Yani, seni sakındırmak istiyecekleri için ... demektir.
İbn İshak'dan
nakledildiğine göre o, şöyle demiştir: İbn Abbas dedi ki: Aralarında İbn
Suriya, Ka'b b. Esed, İbn Saluba, Şas b. Adyy'in de bulunduğu yahudi ilim
adamlarından bir topluluk bir araya gelerek şöyle dediler: Gelin Muhammed'e
gidelim. Belki onu dininden uzaklaştırabiliriz. Çünkü, o da bir insandır. Onun
yanına gidip şöyle dediler: Ey Muhammed, sen de bilirsin ki biz, yahudilerin
bilginleriyiz. Sana uyacak olursak, yahudilerden hiçbir kimse bize muhalefet
etmez. Ancak bizimle bir topluluk arasında bir anlaşmazlık vardır. Biz, onları
da getirir senin hükmüne başvururuz. Sen de sana iman etmemiz için bizim
lehimize ve onların aleyhine hükmet. Resulullah (s.a.v.) bunu kabul etmeyince,
bu ayet-i kerime nazil oldu.
(Burada,
"vazgeçirmek" anlamı verilen) "fitnenin asıl anlamı, önceden de
geçtiği gibi denemek, sınamak demektir. Diğer taraftan bunun farklı manaları da
vardır. Burada Yüce Allah'ın: "Seni vazgeçirirler" buyruğunun anlamı,
seni alıkoyarlar, geri döndürürler şeklindedir. Fitne, şirk anlamına da
kullanılır. Yüce Allah'ın: ''Fitne, katilden de büyüktür" (el- Bakara,
217) buyruğu ile: ''Hiçbir fitne kalmayıncaya kadar onlarla savaşınız"

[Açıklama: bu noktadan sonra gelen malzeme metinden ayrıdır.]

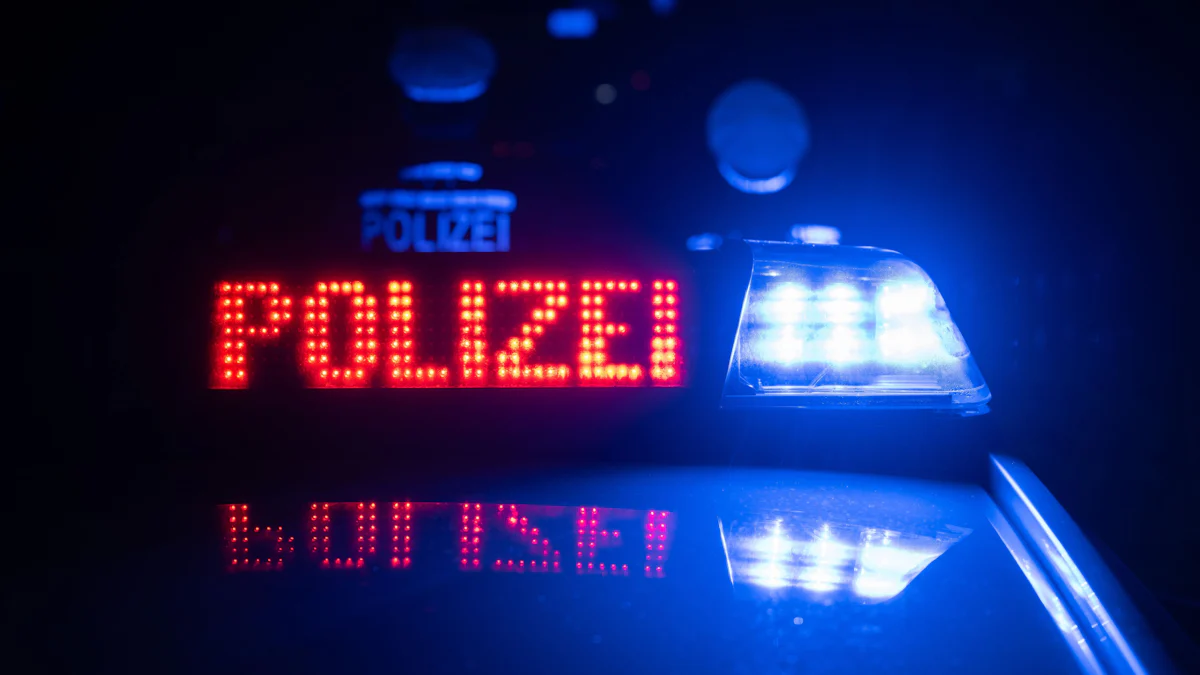Spätnachts bei Aiglsbach: Drei Bewaffnete überfallen Reisebus auf der A93 - Bayern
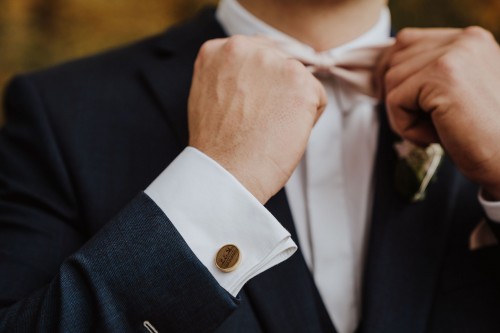 Ein Mann richtet seine Fliege.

(el-Enfal, 39) buyruğunda olduğu gibi. Yine fitne, ibret anlamına da gelebilir.
Yüce Allah'ın şu buyruklarında olduğu gibi: ''Rabbimiz, bizi kafirlere fitne
(konusu) yapmaN (el-Mümtehine, 5); ''Rabbimiz, bizi zalimler topluluğuna fitne
(konusu) yapma. "
Fitne, bu ayette de
görüldüğü gibi, doğru yoldan alıkoymak şeklinde de olabilir.
Yüce Allah'ın:
"AralarındaAllah'ın indirdiği ile hükmet" buyruğunun tekrarlanması
ise, ya tekid içindir veya Yüce Allah'ın, herbirisinde ayrı ayrı Allah'ın
indirdiği gereğince hükmetmesini emretmiş olduğu farklı birtakım durumlar ve
hükümler ile ilgilidir.
Ayet-i kerimede
Peygamber (s.a.v.)'ın unutmasının mümkün olduğuna dair delil de vardır. Çünkü
Yüce Allah: "Seni vazgeçirirler diye" diye buyurmaktadır. Bu ise,
onun ancak unutması halinde sözkonusu olabilir, kasten mümkün olamaz.
Burada hitab ona olmakla
birlikte maksat ondan başkasıdır, da denilmiştir. Buna dair açıklamalar, Yüce
Allah'ın izniyle ileride el-En'am suresinde gelecektir.
Yüce Allah'ın:
"Allah'ın sana indirdiğinin bir kısmından ... " buyruğunun anlamı
ise, Allah'ın sana indirdiğinin tümünden ... demektir. Çünkü bazan, bazı (bir
"kısım") kelimesi, bütün anlamında da kullanılabilir. Şairin şu
mısraında oluduğu gibi: "Veya kimi canları ölüm vakitsiz gelip alır."
Burada (...): Vakitsiz
alır, yerine (...): Ona ulanır, şeklinde de rivayet edilmiştir. Şair
"burada kimi canlar" ile bütün canları kastetmiştir. Yüce Allah'ın:
''Ben size, ihtilaf ettiğiniz şeylerin bazısını açıklayayım diye geldim''
(ez-Zuhruf, 63) buyruğunu da bu şekilde açıklamışlardır. İbnü'I-Arabi der ki:
Doğrusu, "bazı'' kelimesinin bu ayet-i kerimede asıl anlamında
kullanıldığı ve bununla maksat ise recm veya onların istedikleri şekilde hüküm
vermesi olduğudur. Çünkü onlar, Hz. Peygamberi kendisine indirilenlerin
tümünden vazgeçirmek maksadında değillerdi. Doğrusunu en iyi bilen Allah'tır.
Yüce Allah'ın:
"Şayet yüz çevirirlerse" buyruğu: Eğer senin hükmünü kabul etmeyip
hükmünden yüz çevirecek olurlarsa, "bil ki, bazı günahlarından dolayı
Allah onları cezalandırmak ister" yani, sürgüne göndermek, cizye ve öldürmek
suretiyle onları azaplandırmak ister, demektir. Nitekim böyle de olmuştur.
Yüce Allah'ın:
"Bazı" diye buyurması ise, bazı günahları karşılığında
cezalandırılmalarının, onların mülklerinin başlarına yıkılıp geçirilmesi için
yeterli oluşundan dolayı idi.
"Gerçekten
insanların çoğu fasıktırlar" buyruğu ile de yahudileri kastetmektedir.